Vandome takes a different approach to the Countess Marcellina's problem. Early one morning, as Marcellina and Eurione are about to retire for their day's night, Vandome interrupts them with a false report of the Count Vaumont's infidelity. Vandome works on their emotions so persuasively that the two women go to find Vaumont and confront him about his alleged unfaithfulness. When they reach the local Duke's court, only to realize that the story is false, the Duke thanks them for their attendance on his Duchess. Marcellina's spell of self-imposed nocturnal isolation has been broken.
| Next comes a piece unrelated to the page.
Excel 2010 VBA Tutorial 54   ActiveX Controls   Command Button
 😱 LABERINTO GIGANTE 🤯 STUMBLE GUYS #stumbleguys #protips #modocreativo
The play, however, draws its title from the central character of its comic subplot. Monsieur D'Olive is a satirical portrait of a Jacobean gallant, foppish, vain, pompous, verbose and fantastical, and liable to be duped through his own excesses of character and ego. He conceives himself a wit, though he is rendered wit's victim by the tricks of two joking courtiers.
Mugeron and Rodrigue trick D'Olive into thinking that he has been appointed to an important foreign embassy...and that he must act the part. In attempting to do so, D'Olive embarrasses himself at the Duke's court, giving long-winded speeches about tobacco and kissing the Duchess. The two courtiers further play upon D'Olive by sending him a forged love letter from a prominent lady of the Duke's court; when he comes in disguise to meet his inamorata, he is exposed again.